__Assigned task__: The answer must consist only of the lines in the records below from the line with "Hi, this is" to the line with "In standard operation, the", both included, copied word for word with every picture left out.

(Stored data entries)

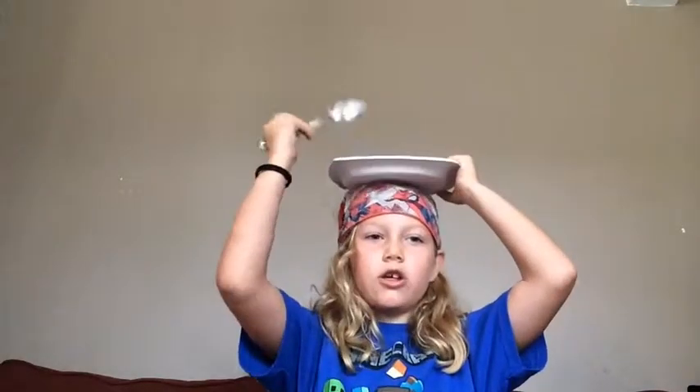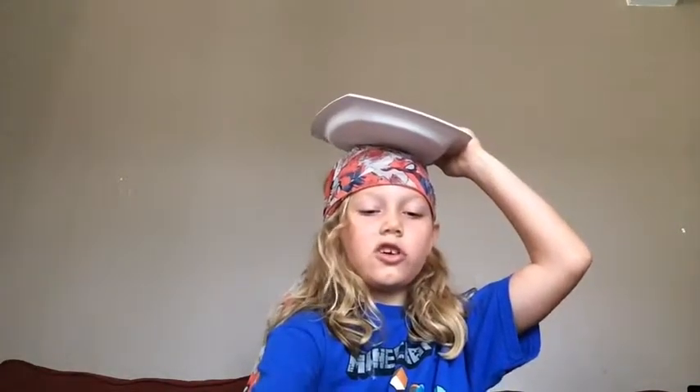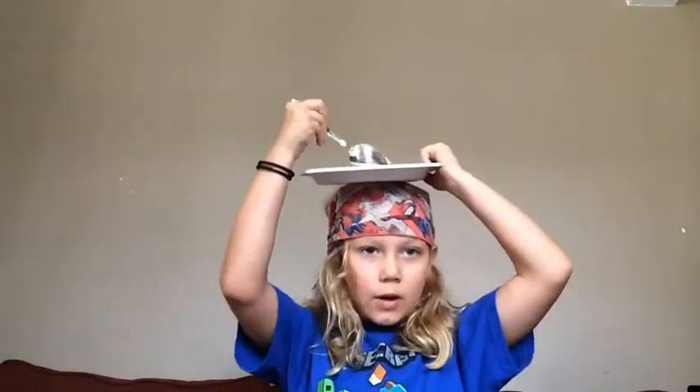Okay, and then you're going to put the blindfold on your eyes so you can't see, and you're going to put the plate on your head, and you're going to scoop as many cotton balls as you can, but you can't really feel whether or not you have cotton balls on your spoon. So you have a plate on your head, and then you scoop as many cotton balls as you can and try to put them on your plate.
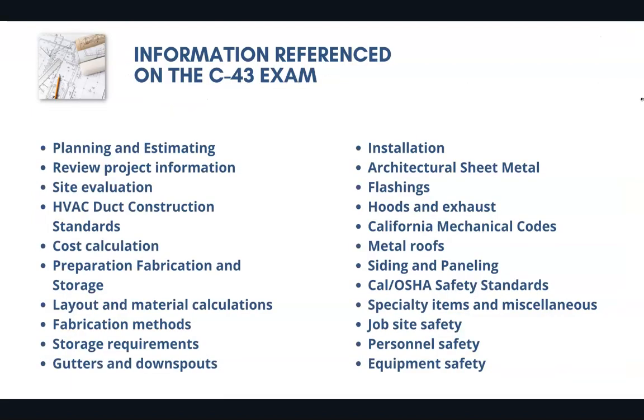These are just a few of the thousands of possible questions that could appear on the C43 license exam. A lot of the information that's going to be referenced includes planning and estimating and HVAC construction standards.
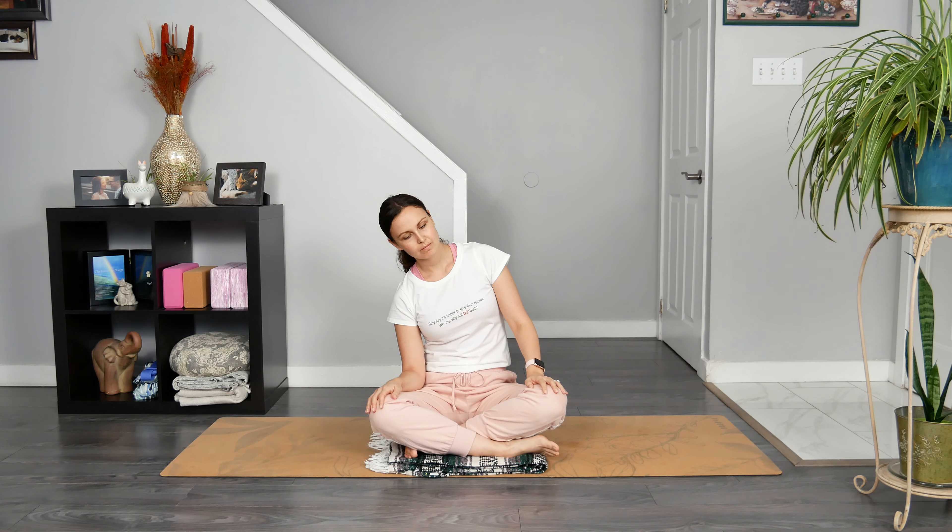Now, very slowly, turn your head to the left, and then lift your chin up slightly. Can you soften through your shoulders, neck, and face here? Soften through your belly as you breathe in and out.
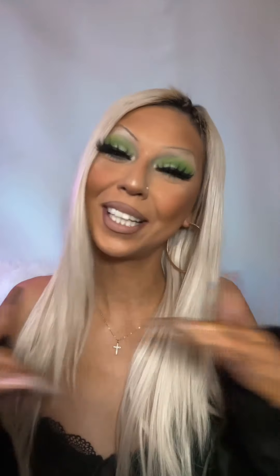Hi you guys! If you're interested in seeing how I achieve this 420 makeup look, just keep on watching. Welcome back to my channel — if you're new here, my name is JC. It's 420 today so we're going to be doing a fun makeup look using some green shades.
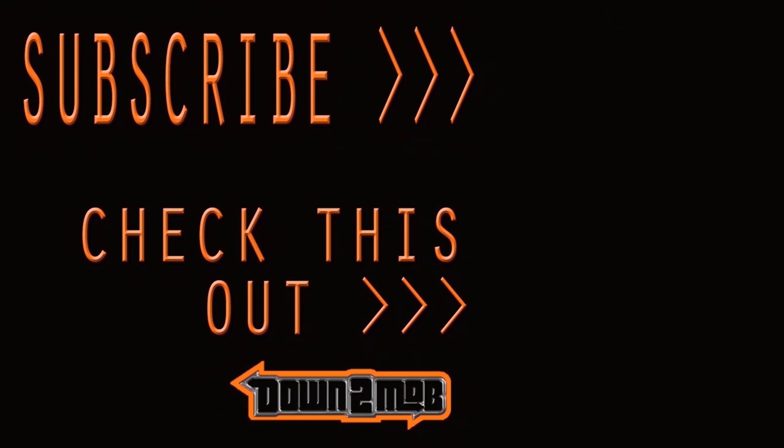Thank you guys so much for watching. It's really fun to use this platform to show you guys new stuff. Comment below and let us know what you think of the campers — I'm sure Drew would love any feedback. Hit like if you enjoyed the video, and if you want to support the channel check out my Patreon link below. Drew is down to mob — the only question left is, are you down to mob?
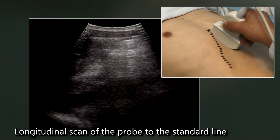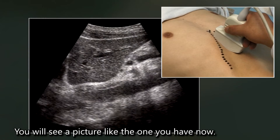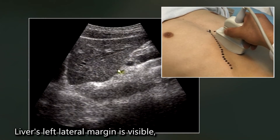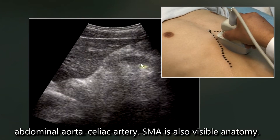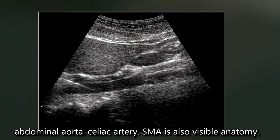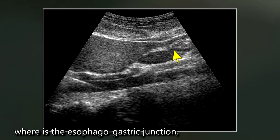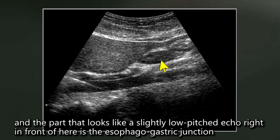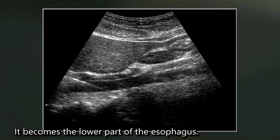On a longitudinal scan of the probe to the standard line, you will see a picture like this. The liver's left lateral margin is visible, along with the abdominal aorta, celiac artery, and SMA — all visible anatomy. Here is the stomach antrum. The esophago-gastric junction is the part that looks like a slightly low-pitched echo right in front of here, which is the esophago-gastric junction.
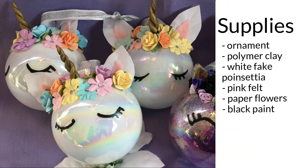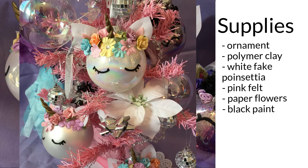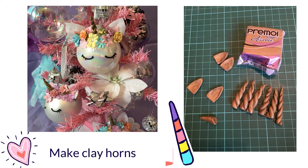The supplies are: glass ornaments, polymer clay for the horn, flowers for the flower crown, white poinsettias for the ears — you use the petals — black paint for the eyelashes, and a glue gun.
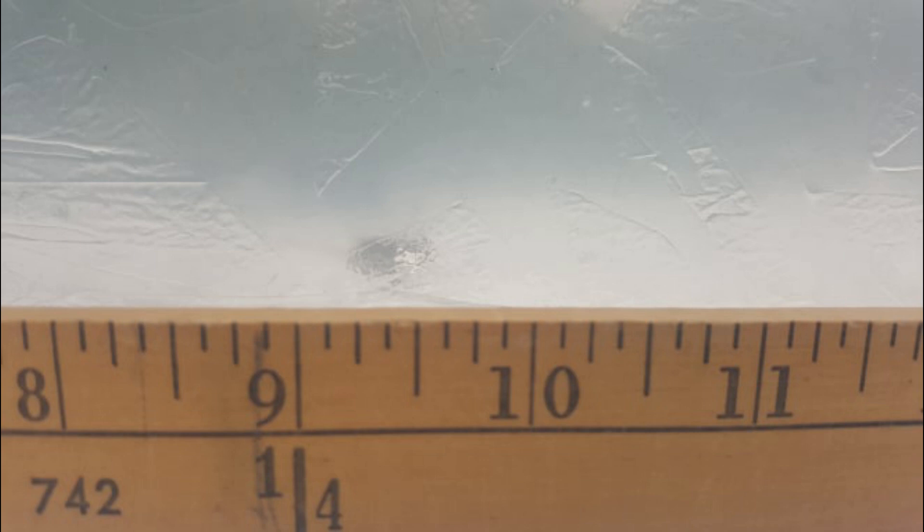Of all the rounds in 38 Special I've tested so far, this one's under-penetration has been the most surprising, given that it doesn't have the drawback of traditional hollow points like increased surface area after expansion. The only conclusion I can come to is that the velocity of this round wasn't enough to overcome the low mass and unique shape of the bullet disturbing the gel upon impact, though this is admittedly just conjecture on my part.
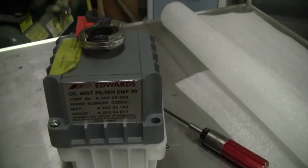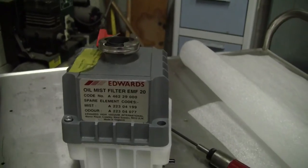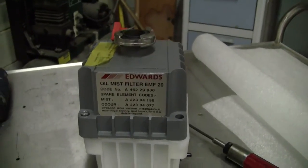Hi, this is Michael Nightow from Hitech Trader. Today we're looking very quickly at an oil mist filter by Edwards. The model number is EMF20.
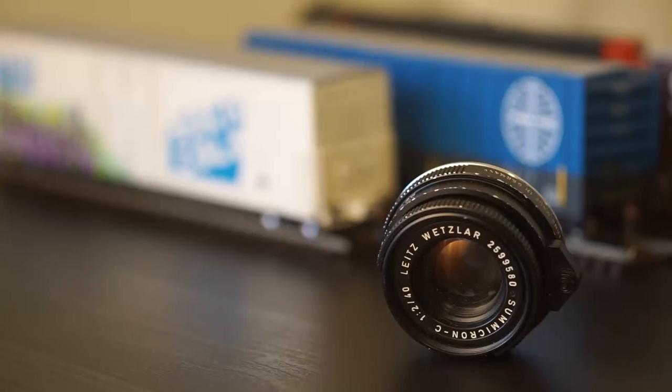This lens here is a 40mm Summicron. It was originally created in a partnership with Minolta for the CL and CLE cameras. There's also the Minolta Rokkor series M-mount lenses. This is by far one of the cheapest Leica lenses — it's a little bit hard to get your hands on one, but you can find them at a good price.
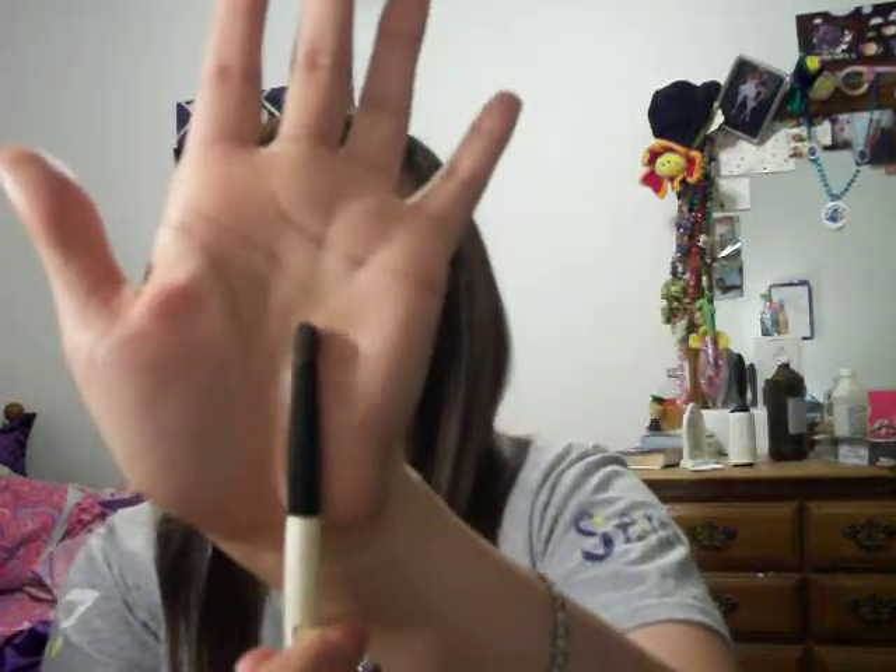Hi guys, so today I'm going to be doing this look using Maxi and Sky Duo, my 88 palette, and a couple other things. I started off the first part of my eyes with L'Oreal De-Crease, and then I also went over and used a cream shadow from this Revlon Khaki Suede, the lightest color. Then I'm going to use this small dome brush by Essence of Beauty, a crease brush.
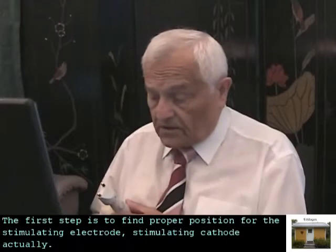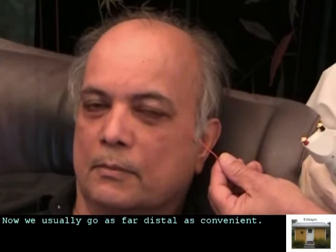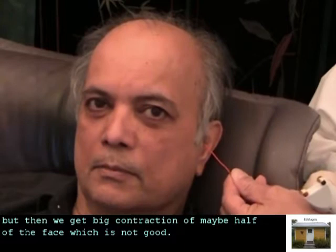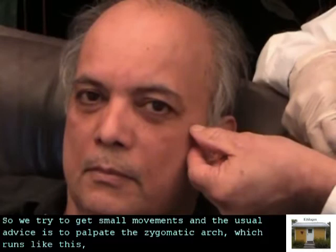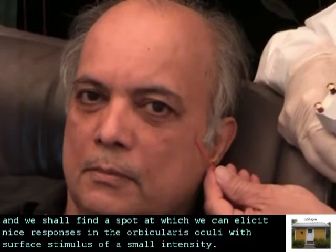The first step is to find the proper position for the stimulating electrode — the stimulating cathode. We usually go as far distal as convenient. We could start stimulating where the facial nerve emerges, but then we get a big contraction of maybe half of the face, which is not good. So we try to get small movements. The usual advice is to palpate the zygomatic arch and find a spot at which we can elicit nice responses in the orbicularis oculi with a surface stimulus of small intensity.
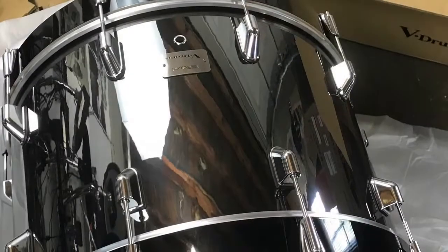We unpacked it, and it's an amazing-looking drum. It's way better than the pictures that Roland put out in January when they introduced it. It's significantly better in these pictures, so we're glad we unboxed it.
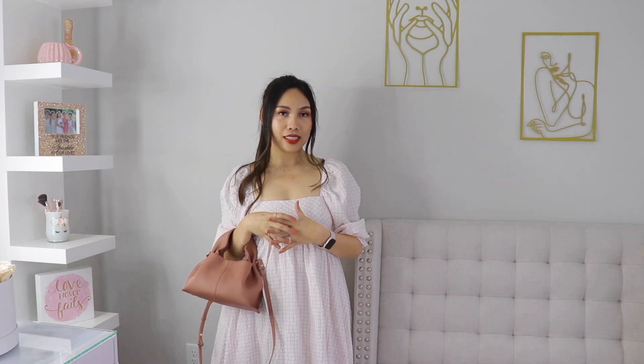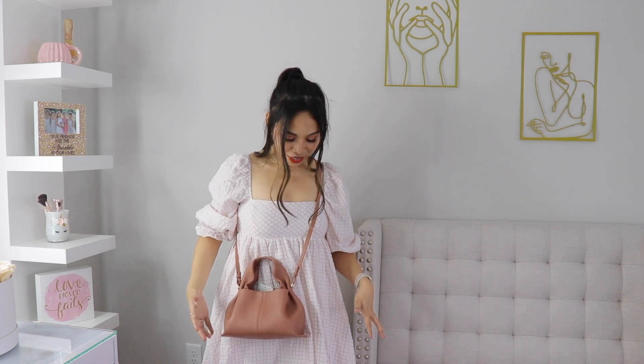Now I'm going to show you different ways to wear this bag. This is what it looks like against my frame — it's really tiny. You can wear it on the top handle just like this, like on a weekend. Or you can place it on your elbow, which is so cute. You can also use it as a one-shoulder bag and adjust the length. Or you can do crossbody like this. The color is perfect on my dress.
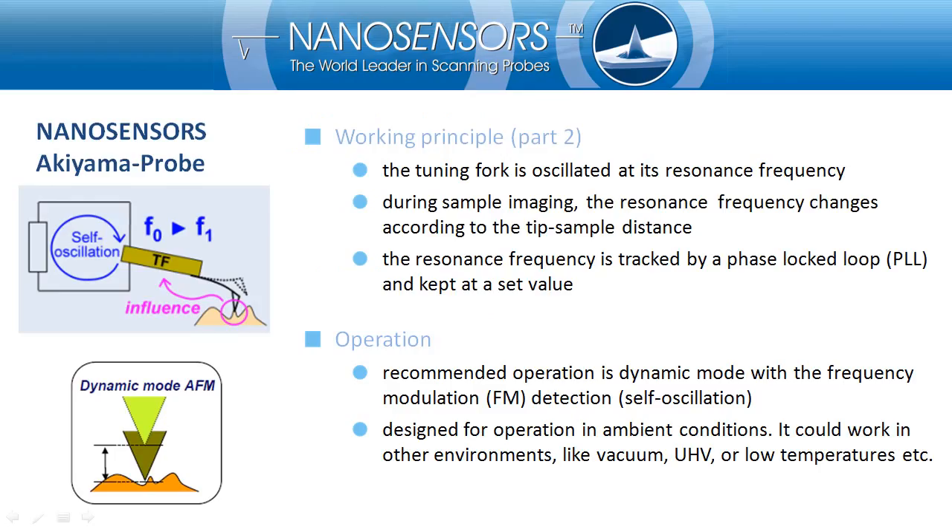In standard operation, the Akiyama Probe is continuously self-oscillated at its resonance frequency, which is somewhere between 40 to 60 kHz. The probe is the key component which determines the frequency. Therefore, any forces applied on the cantilever will change the frequency.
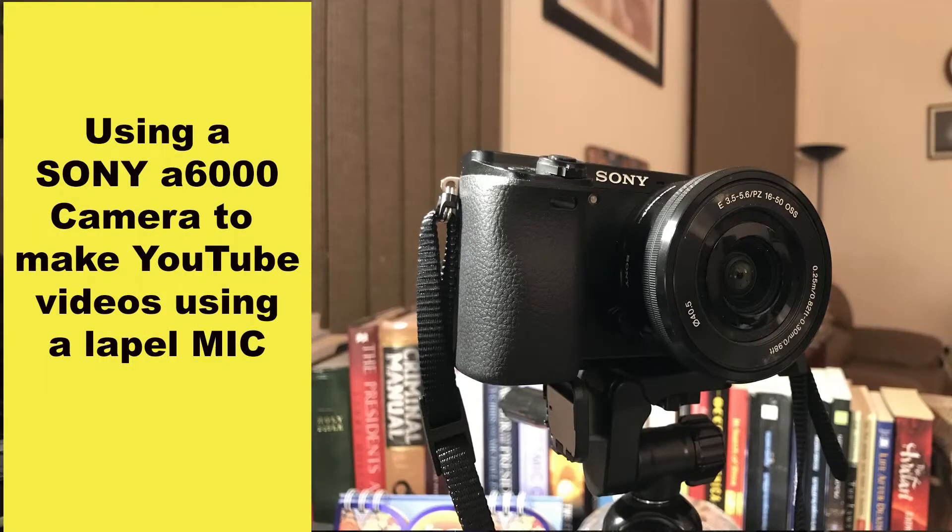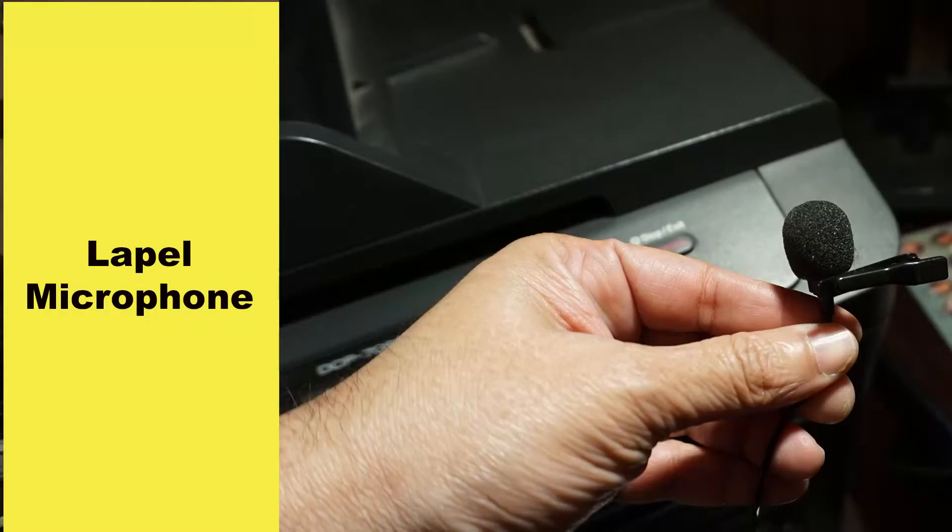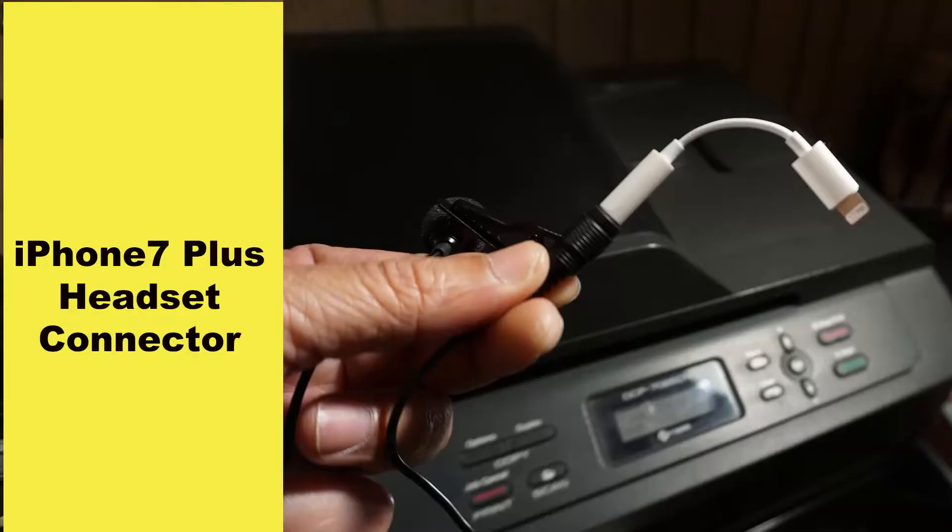Hello everyone, how are you today? I'm doing a new kind of video. I'm recording on my Sony a6000 mirrorless camera, and the voice is being recorded through this lapel mic I'm wearing into my iPhone. Later on, this is going to be synced using Premiere Pro.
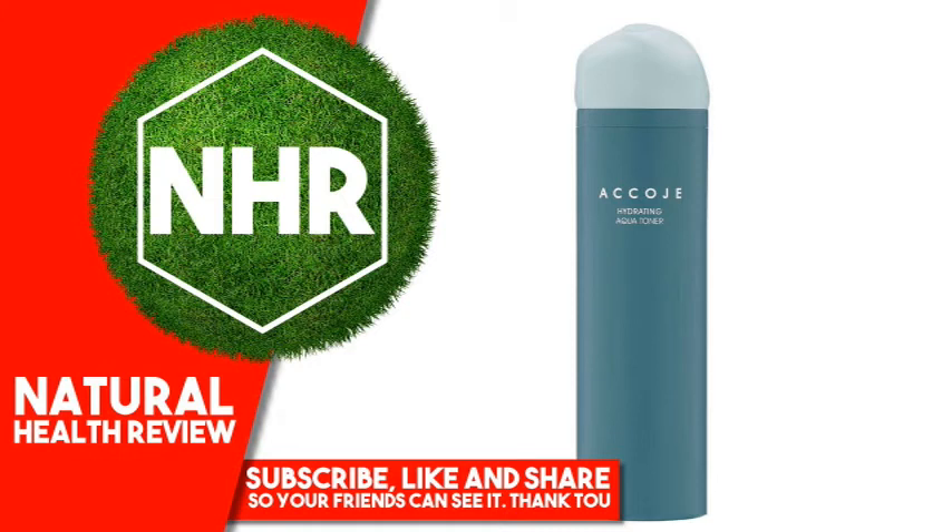Eucalyptus Globulus Leaf Extract, Eucalyptus Globulus Leaf Oil, Eugenia Caryophyllus (Clove) Flower Extract, Juniperus Mexicana Oil, Lavandula Angustifolia (Lavender) Oil, Pelargonium Graveolens Flower Oil, Rosmarinus Officinalis (Rosemary) Leaf Oil, Sophora Angustifolia Root Extract, Potassium Laurate, BHT.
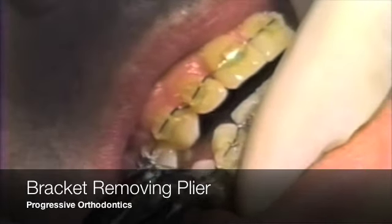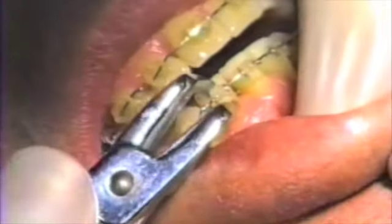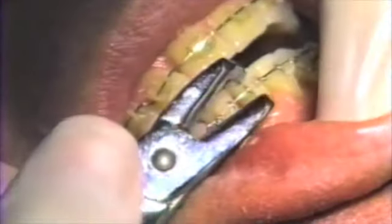Removal of bonded brackets may be accomplished with the bond removal plier. Snap the bracket in an incisal to gingival manner.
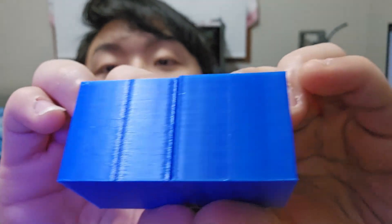Welcome to Scratch 3D Printing! Today I would like to look at a feature in Orca Slicer which is the scarf joint seam.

__Written response__:
Hi, this is Michael Nightow from Hitech Trader. Today we're looking very quickly at an oil mist filter by Edwards. The model number is EMF20.
This lens here is a 40mm Summicron. It was originally created in a partnership with Minolta for the CL and CLE cameras. There's also the Minolta Rokkor series M-mount lenses. This is by far one of the cheapest Leica lenses — it's a little bit hard to get your hands on one, but you can find them at a good price.
Hi guys, so today I'm going to be doing this look using Maxi and Sky Duo, my 88 palette, and a couple other things. I started off the first part of my eyes with L'Oreal De-Crease, and then I also went over and used a cream shadow from this Revlon Khaki Suede, the lightest color. Then I'm going to use this small dome brush by Essence of Beauty, a crease brush.
The first step is to find the proper position for the stimulating electrode — the stimulating cathode. We usually go as far distal as convenient. We could start stimulating where the facial nerve emerges, but then we get a big contraction of maybe half of the face, which is not good. So we try to get small movements. The usual advice is to palpate the zygomatic arch and find a spot at which we can elicit nice responses in the orbicularis oculi with a surface stimulus of small intensity.
We unpacked it, and it's an amazing-looking drum. It's way better than the pictures that Roland put out in January when they introduced it. It's significantly better in these pictures, so we're glad we unboxed it.
Now I'm going to show you different ways to wear this bag. This is what it looks like against my frame — it's really tiny. You can wear it on the top handle just like this, like on a weekend. Or you can place it on your elbow, which is so cute. You can also use it as a one-shoulder bag and adjust the length. Or you can do crossbody like this. The color is perfect on my dress.
In standard operation, the Akiyama Probe is continuously self-oscillated at its resonance frequency, which is somewhere between 40 to 60 kHz. The probe is the key component which determines the frequency. Therefore, any forces applied on the cantilever will change the frequency.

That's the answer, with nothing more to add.